Introduction

Many problems in engineering and mechanics appear to be two-dimensional integral equations. For example, it is usually necessary to solve Fredholm integral equations in the calculation of plasma physics [1]. Mckee et al. [2] revealed that a class of nonlinear telegraph equations is equivalent to two-dimensional Volterra integral equations. Graham [3] showed that two-dimensional Ferdholm integral equation used in solving the problems of electrical engineering. Some other applications of two-dimensional integral equations can be found in [2, 4].

In this paper, we consider the nonlinear two-dimensional Volterra integral equation of the second kinds as follows:

$$\begin{aligned} u(x,t)=f(x,t)+Fu(x,t)\quad (x,t) \in D=[a,b]\times [c,d] \end{aligned}$$
(1)

where

$$\begin{aligned} Fu(x,t)=\lambda \int _c^t \int _a^x K(x,t,y,z)N(u(y,z))\mathrm{d}y\mathrm{d}z. \end{aligned}$$

Here, u(xt) is unknown function and \(u(x,t), f(x,t) \in W_2^{(1,1)}(D), N(.)\) the continues terms in \(W_2^{(1,1)}(D)\), \(W_2^{(1,1)}(D)\) is a reproducing kernel space. Little numerical methods for nonlinear integral equations are written. In this context, the methods used are the block-by-block method [5], block-pulse functions [6], and rationalized Harr function [7].

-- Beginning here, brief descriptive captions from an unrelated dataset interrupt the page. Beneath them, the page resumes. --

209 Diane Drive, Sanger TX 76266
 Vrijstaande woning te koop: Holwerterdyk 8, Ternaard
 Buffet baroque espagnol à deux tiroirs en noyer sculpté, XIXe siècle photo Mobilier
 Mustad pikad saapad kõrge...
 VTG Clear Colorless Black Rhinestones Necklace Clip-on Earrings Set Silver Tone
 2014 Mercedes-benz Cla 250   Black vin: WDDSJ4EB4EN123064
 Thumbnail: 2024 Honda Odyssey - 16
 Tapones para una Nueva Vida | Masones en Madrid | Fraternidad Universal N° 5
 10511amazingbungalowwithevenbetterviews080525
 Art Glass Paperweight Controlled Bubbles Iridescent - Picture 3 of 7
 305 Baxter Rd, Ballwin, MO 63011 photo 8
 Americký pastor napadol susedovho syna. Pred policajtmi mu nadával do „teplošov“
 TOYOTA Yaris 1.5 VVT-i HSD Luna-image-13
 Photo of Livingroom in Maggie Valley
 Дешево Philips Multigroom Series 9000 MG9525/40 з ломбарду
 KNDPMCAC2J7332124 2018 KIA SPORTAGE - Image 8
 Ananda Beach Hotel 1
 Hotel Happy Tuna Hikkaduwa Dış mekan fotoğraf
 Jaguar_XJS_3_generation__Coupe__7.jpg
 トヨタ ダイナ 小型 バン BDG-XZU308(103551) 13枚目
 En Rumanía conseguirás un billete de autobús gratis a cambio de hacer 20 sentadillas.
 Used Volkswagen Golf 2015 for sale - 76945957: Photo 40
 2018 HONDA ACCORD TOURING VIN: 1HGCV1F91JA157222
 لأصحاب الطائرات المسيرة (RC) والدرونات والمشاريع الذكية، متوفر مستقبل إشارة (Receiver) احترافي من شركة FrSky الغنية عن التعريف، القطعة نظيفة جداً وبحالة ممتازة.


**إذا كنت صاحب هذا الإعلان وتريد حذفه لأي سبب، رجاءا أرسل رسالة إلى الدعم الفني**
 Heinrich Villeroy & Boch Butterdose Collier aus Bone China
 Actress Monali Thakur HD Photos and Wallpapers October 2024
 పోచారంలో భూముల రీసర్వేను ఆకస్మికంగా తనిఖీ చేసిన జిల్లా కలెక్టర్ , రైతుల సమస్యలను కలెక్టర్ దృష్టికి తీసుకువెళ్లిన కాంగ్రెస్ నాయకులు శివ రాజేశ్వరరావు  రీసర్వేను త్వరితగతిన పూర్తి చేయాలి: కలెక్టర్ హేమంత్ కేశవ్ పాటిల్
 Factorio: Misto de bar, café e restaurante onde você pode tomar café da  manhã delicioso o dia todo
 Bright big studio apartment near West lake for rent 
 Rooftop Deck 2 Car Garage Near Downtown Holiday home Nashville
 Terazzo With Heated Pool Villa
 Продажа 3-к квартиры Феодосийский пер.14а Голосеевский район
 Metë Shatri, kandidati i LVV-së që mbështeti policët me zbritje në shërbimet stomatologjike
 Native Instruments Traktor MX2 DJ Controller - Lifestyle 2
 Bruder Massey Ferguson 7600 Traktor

In this article, we obtain presentation of exact solution nonlinear two-dimensional Volterra integral equation of the second kind in reproducing kernel space, and then, approximate solution is obtained by cutting series. Of course, coefficients of the series on presentation of exact solution obtained with a numerical calculation. The error of the approximate solution is monotone deceasing in the sense of \(\Vert .\Vert _{W_2^{(1,1)}}\).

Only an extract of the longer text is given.